Ich kann Ihnen aus der Praxis eines leitenden Mitarbeiters im Bereich HR berichten, dass notwendige Zustellungen, insbesondere bei Umstrukturierungsmaßnahmen, fast nur durch Boten realisiert werden können, insbesondere, wenn diese Zustellung über größere Distanzen, im Bundesgebiet, zu erfolgen haben. Wir haben jüngst eine solche Maßnahme vollziehen müssen, und ich habe mich ausführlich mit geeigneten Dienstleistern auseinandergesetzt.
Wir waren mit unserer Wahl sehr zufrieden, weswegen ich hier im Formular einen Link zur Website unseres Dienstleisters eingefügt habe.
Herzlichen Dank für Ihren Hinweis bzw. Ihren Einblick in die Praxis. Der von Ihnen verlinkte Dienstleister war mir bislang nicht bekannt, aber man lernt ja nie aus. Für eine Zustellung per Boten spricht tatsächlich das Zeitmoment: So sicher die Zustellung per Gerichtsvollzieher auch sein mag, kann vor allem bei fristgebundenen Erklärungen (z. B. Kündigungen) eine Zustellung per Boten die bessere Wahl sein, denn dabei kann der Zeitpunkt der Zustellung besser bzw. überhaupt beeinflusst werden. Solange der Bote bzw. Dienstleister eine fristgerechte Zustellung und auch sonst eine „gerichtsfeste“ Zustellung gewährleisten kann, hätte ich keine Bedenken, derartige Boten einzusetzen.
Sehr geehrte Damen und Herren,
diese Beiträge und Thematik sind sehr interessant da ich auch ein Zustellungsproblem folger Art habe:
Eine Aktiengesellschaft in Düsseldorf hat lt. Handelsregister eine Anschrift A.) ..an der ich
Brief und Einschrieben mit Rückschein geschickt habe.
Lt. Handelsregister heute istdie Anschrift A.) noch die gültige .. aber das AB ist bemüht die
AG aufzufordern eine korrekte Adresse einzutagen.
Die AG noch unter einer FAX-Nummer welches jedoch zu einem Firmenverbund des
Aufsichtsratsvorsitzenden gehört.
Macht in diesem Fall die Zustellung einer Mahnung zwecks Darlehnsrückzhalung über
einen Gerichtsvollzieher Sinn .. es wird ja einen Bevollmächtigten geben der für die AG zuständig ist ?!
Danke für eine Hilfestellung.
Neuerdings steht auf der Website der AG eine Adresse B.)..
Sehr geehrter Herr Westermann,
die Zustellung durch einen Gerichtsvollzieher kann generell immer dann sinnvoll sein, wenn der Zugang des Schreibens beim Adressaten im Streitfall bewiesen werden muss.

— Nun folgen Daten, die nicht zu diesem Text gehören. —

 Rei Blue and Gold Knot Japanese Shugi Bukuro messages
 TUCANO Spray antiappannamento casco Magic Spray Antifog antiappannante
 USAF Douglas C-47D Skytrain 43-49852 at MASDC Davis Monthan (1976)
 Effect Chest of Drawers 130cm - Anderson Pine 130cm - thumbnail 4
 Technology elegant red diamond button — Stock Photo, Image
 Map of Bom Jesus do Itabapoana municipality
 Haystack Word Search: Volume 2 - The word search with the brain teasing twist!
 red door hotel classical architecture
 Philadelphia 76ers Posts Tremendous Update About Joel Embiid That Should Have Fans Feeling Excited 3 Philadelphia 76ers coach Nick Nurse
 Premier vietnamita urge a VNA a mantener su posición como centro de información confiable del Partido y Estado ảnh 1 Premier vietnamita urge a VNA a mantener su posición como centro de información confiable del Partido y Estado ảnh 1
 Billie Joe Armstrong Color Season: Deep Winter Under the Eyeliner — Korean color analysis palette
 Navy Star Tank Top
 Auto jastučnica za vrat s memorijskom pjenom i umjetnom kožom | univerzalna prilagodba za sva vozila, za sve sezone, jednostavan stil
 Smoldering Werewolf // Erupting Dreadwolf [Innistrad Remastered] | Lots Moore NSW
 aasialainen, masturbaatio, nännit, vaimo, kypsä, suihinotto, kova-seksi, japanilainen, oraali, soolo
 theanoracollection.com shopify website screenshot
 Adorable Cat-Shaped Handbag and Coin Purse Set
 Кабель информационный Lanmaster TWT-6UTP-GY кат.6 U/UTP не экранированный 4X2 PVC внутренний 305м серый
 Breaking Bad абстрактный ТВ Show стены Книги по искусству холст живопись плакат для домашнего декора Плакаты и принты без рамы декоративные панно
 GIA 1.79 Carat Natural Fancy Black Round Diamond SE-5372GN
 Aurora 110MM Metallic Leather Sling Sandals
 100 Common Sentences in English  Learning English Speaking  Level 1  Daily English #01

Ob das in Ihrem konkreten Fall sinnvoll ist, kann ich nur eingeschränkt beurteilen. Auf einen Versuch würde ich es aber ankommen lassen, denn – und insofern haben Sie Recht – die AG wird tatsächlich von einem Organ (dem Vorstand) vertreten, für den wiederum zum Empfang von (zugestellten) Postsendungen Bevollmächtigte tätig sein dürften. Wenn nicht, hat diese AG definitiv noch ganz andere Probleme… Sollte die Zustellung im ersten Anlauf scheitern, weil sich die Adresse bzw. der Sitz inzwischen geändert hat, hätten Sie auch insofern Klarheit.
Tiefer kann ich hier aus wohl nachvollziehbaren Gründen nicht einsteigen, was sich von selbst verstehen sollte.